Unaware of Ackerman et al.’s (2002) article, Gignac & Zajenkowski (2020) used simulations to make the same point.

Here is an R-Script to perform the same simulation.

N = 500
accuracy = .6
obj = rnorm(N)
sub = objaccuracy + rnorm(N)sqrt(1-accuracy^2)
summary(sub)
plot(obj,sub,xlim=c(-3,3),ylim=c(-3,3),
xlab=”Performance”,ylab=”Estimates”
)
abline(h = 0)
quarts = quantile(obj,c(0,.25,.5,.75,1))
abline(v = quarts,lty=2)
quarts
x = tapply(obj,cut(obj,quarts),mean)
y = tapply(sub,cut(obj,quarts),mean)
x
y
par(new=TRUE)
plot(x,x,pch=19,cex=2,xlim=c(-3,3),ylim=c(-3,3),col=”blue”,
xlab=”Performance”,ylab=”Estimates”
)
par(new=TRUE)
plot(x,y,pch=15,cex=2,xlim=c(-3,3),ylim=c(-3,3),col=”blue”,
xlab=”Performance”,ylab=”Estimates”
)

It is reassuring that empirical studies mostly found support for a pattern that is predicted by a purely mathematical relationship.

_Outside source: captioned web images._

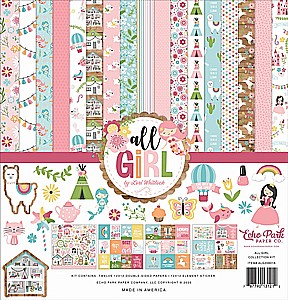מארז דפי קארדסטוק מעוצבים ALL GIRL COLLECTION KIT מארז דפי קארדסטוק מעוצבים ALL GIRL COLLECTION KIT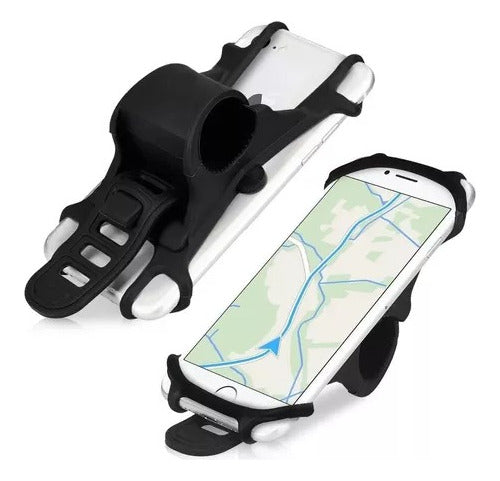 Soporte Celular Bicicleta Monopatin Moto Universal Silicona 2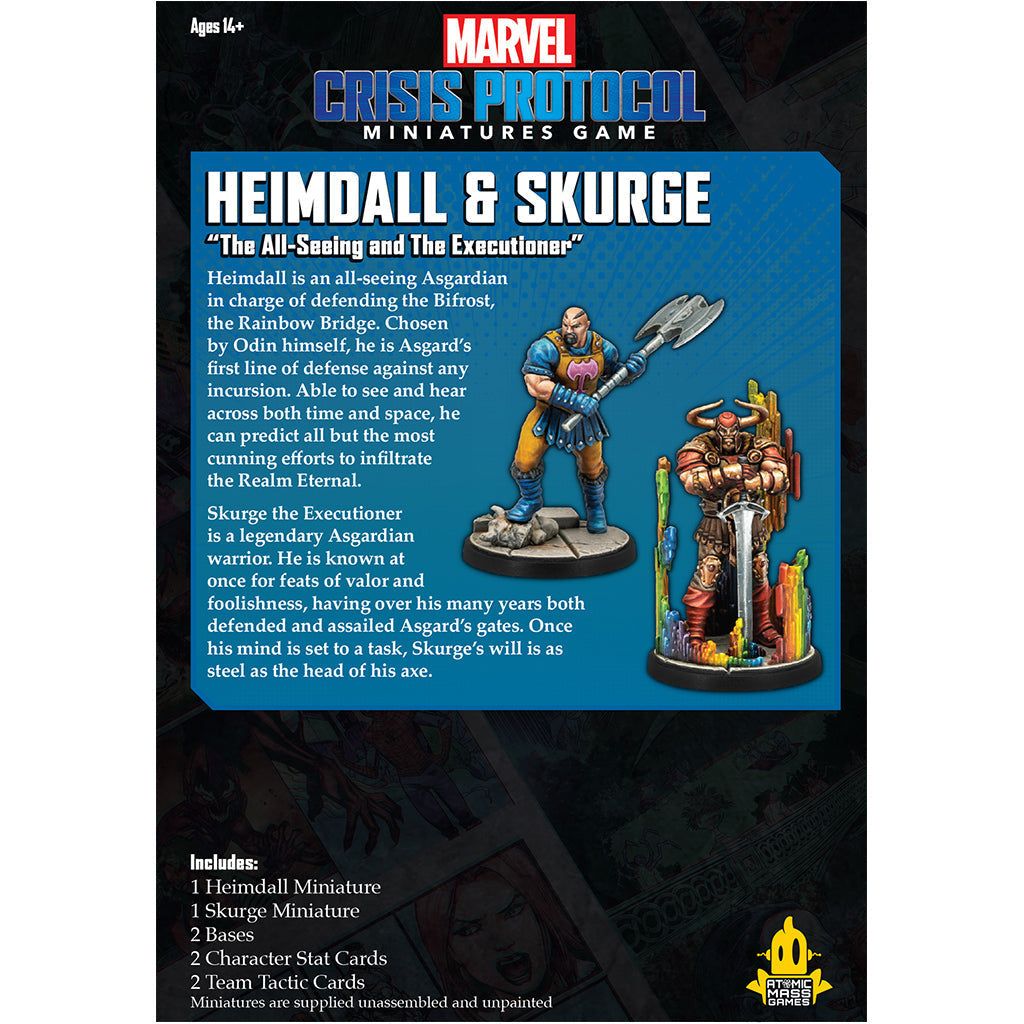 Marvel Crisis Protocol -  Heimdall & Skurge Character Pack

However, it is not clear that we need a term for it and naming it the Dunning-Kruger effect is misleading because Kruger and Dunning provided a psychological explanation for this statistically determined pattern.

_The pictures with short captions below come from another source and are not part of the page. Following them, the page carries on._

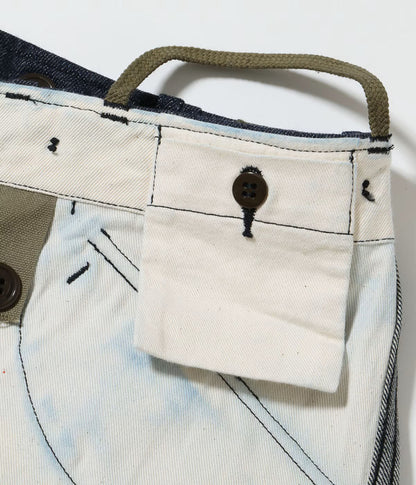 BR52662 / BUZZ RICKSON'S TROUSERS, SHELL, FIELD, M-51 SHORTS DENIM CIVILIAN MODEL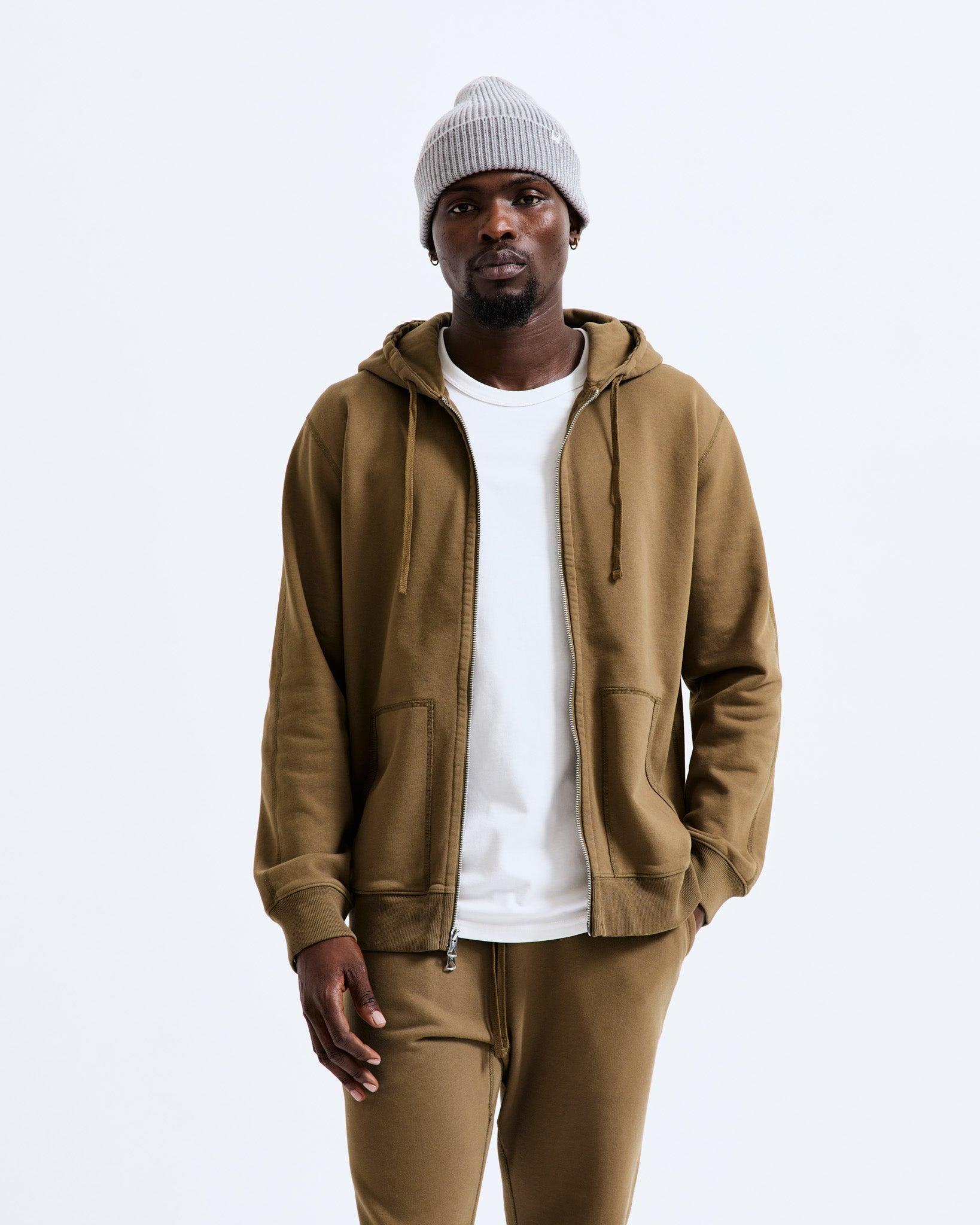 Midweight Terry Classic Full Zip Hoodie - Vault Male Product Image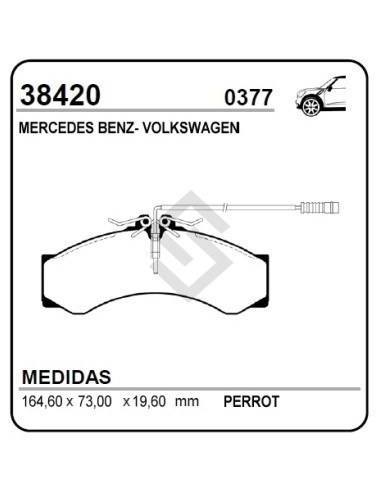 Vr Past. Freno Del. M.benz. Sprinter 412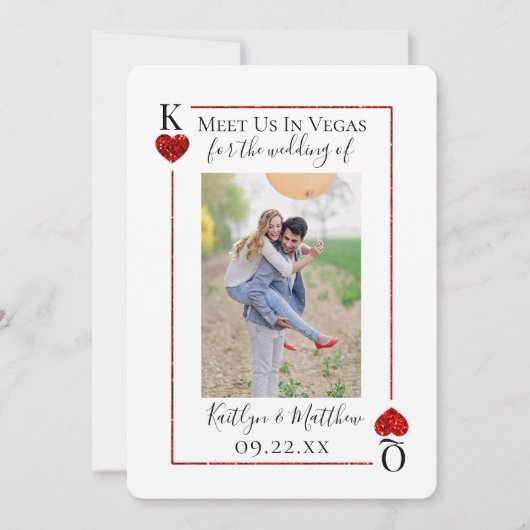 Monogram Kaart afspelen Weduwfoto opslaan Datum (Voorkant)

Does the Simulation Provide Ironic Support for the Dunning-Kruger Effect?

Dunning (2011) observed that any valid criticism of the DKE would provide ironic support for the DKE. After all, the authors confidently proposed a false theory of the effect in full ignorance of their incompetence to realize that their graphs reveal a statistic relationship between any two variables rather than a profound insight into humans’ limited self-awareness.

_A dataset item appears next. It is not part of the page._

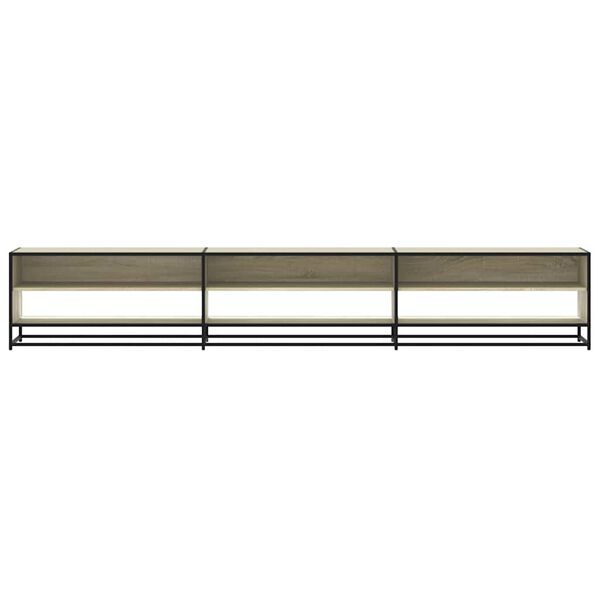 vidaXL tv-bord 270x40x46 cm konstrueret tr&aelig; sonoma-eg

I disagree. The difference is that students after an exam before they get the results have no feedback or other valid information that might help them to make more accurate judgments about their performance. It is a rather different situation when other researchers propose alternative explanations and these explanations are ignored. This is akin to students who come to complain about ambiguous exam questions that other students answered correctly in large numbers. Resistent to valid feedback is not the DKE.

As noted above, Kruger and Dunning (2002) responded to Krueger and Mueller’s criticism and it is possible that they misunderstood Krueger and Mueller’s critique because it did not clearly distinguish between the statistical regression explanation and the unreliability explanation for the effect. However, in 2015 Dunning does cite Ackerman et al.’s article, but claims that the regression explanation has been addressed by controlling for unreliability.

To be sure, these findings and our analysis of them are not without critics. Other researchers have asserted that the Dunning-Kruger pattern of self-error is mere statistical artifact. For example, some researchers have argued that the pattern is simply a regression-to-the-mean effect (Ackerman, Beier, & Bowen, 2002; Burson, Larrick, & Klayman, 2006; Krueger & Mueller,
2002). Simply because of measurement error, perceptions of performance will fail to correlate perfectly with actual performance. This dissociation due to measurement error will cause poor performers to overestimate their performance and top performers to underestimate theirs, the pattern found, for example, in Fig. 1. In response, we have conducted studies in which we
estimate and correct for measurement error, asking what the perception/ reality link would look like if we had perfectly reliable instruments assessing performance and perception. We find that such a procedure reduces our pattern of self-judgment errors only trivially (Ehrlinger et al., 2008; Kruger & Dunning, 2002). (p. 157)
.

Either Dunning cited, but did not read Ackerman et al.’s article, or he was unable to realize that statistical regression and unreliable measures are two distinct explanations for the DKE.

Does it Matter?

In 2011, Dunning alludes to the fact that there are two distinct regression effects that may explain the DKE.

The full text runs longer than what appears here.